Records for this task
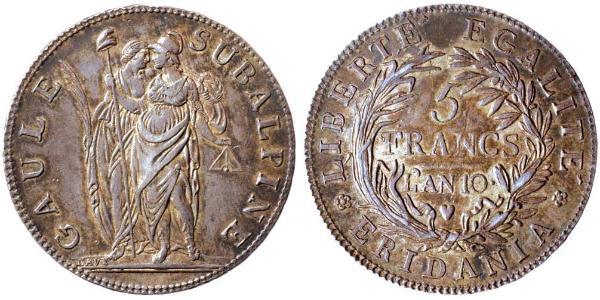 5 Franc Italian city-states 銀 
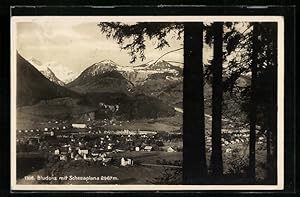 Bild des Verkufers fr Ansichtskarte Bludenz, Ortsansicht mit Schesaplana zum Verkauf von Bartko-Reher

==

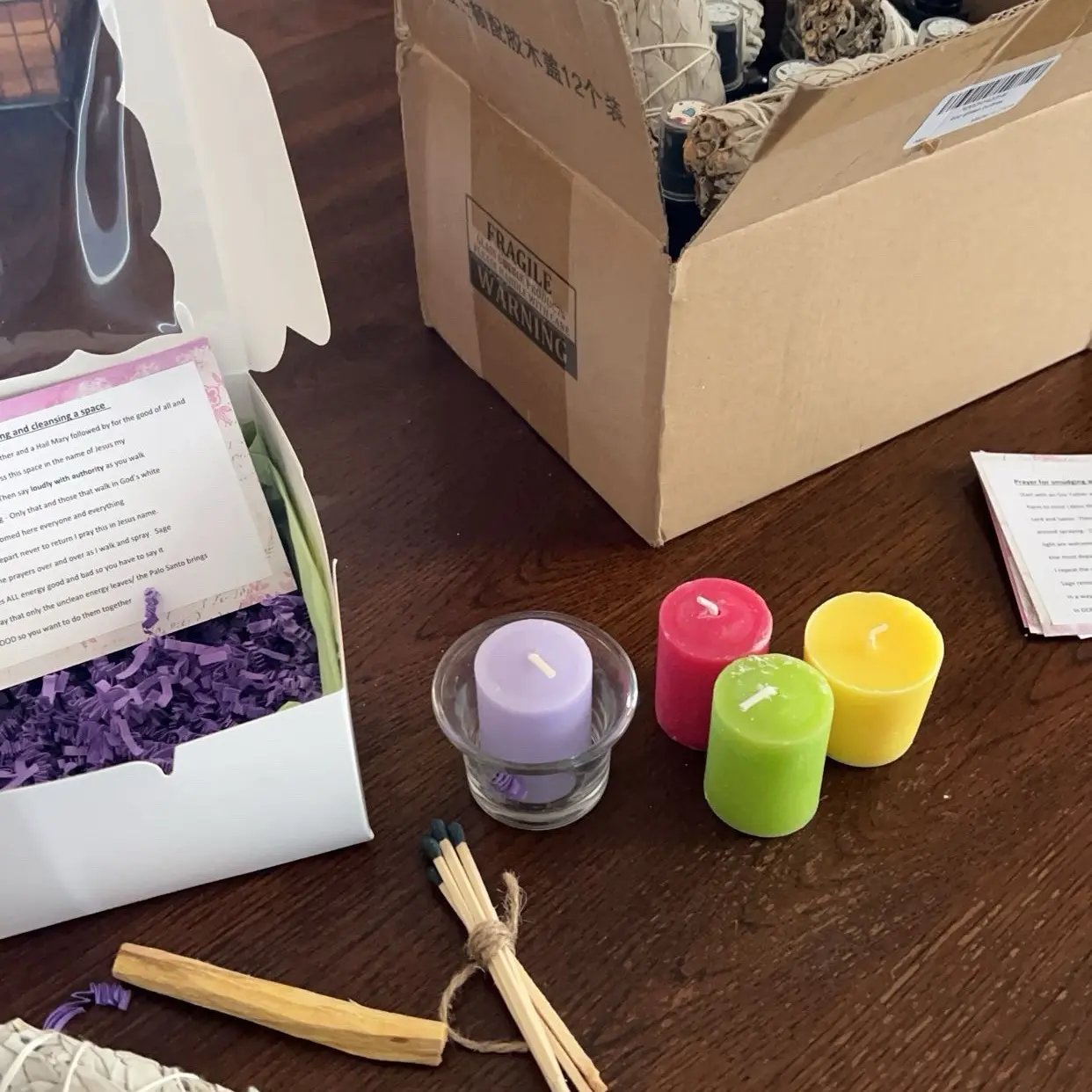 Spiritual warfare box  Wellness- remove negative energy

...

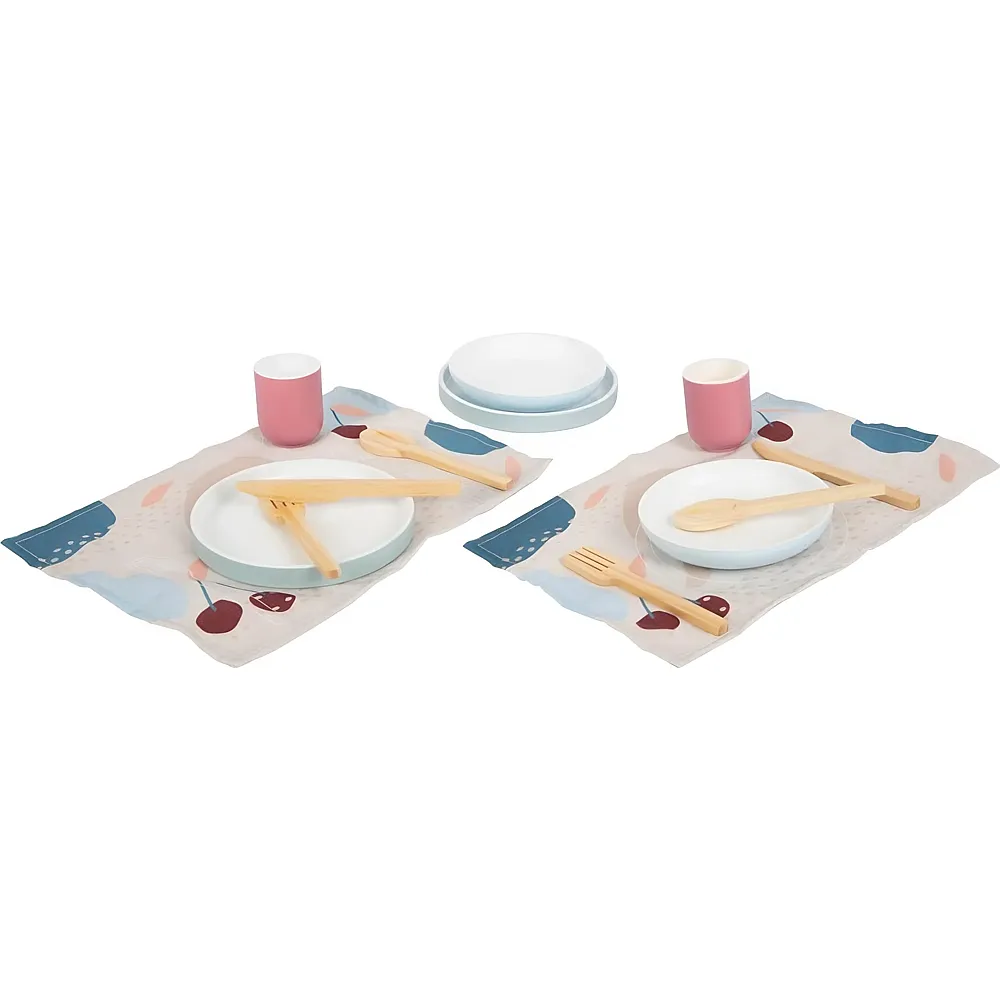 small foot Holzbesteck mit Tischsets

Task prompt
Repeat only the stretch of data above that runs from the line with "5 Franc Italian city-states 銀" to the line with "Bild des Verkufers". Keep both end lines; exclude pictures.

Your solution
 5 Franc Italian city-states 銀 
 Bild des Verkufers fr Ansichtskarte Bludenz, Ortsansicht mit Schesaplana zum Verkauf von Bartko-Reher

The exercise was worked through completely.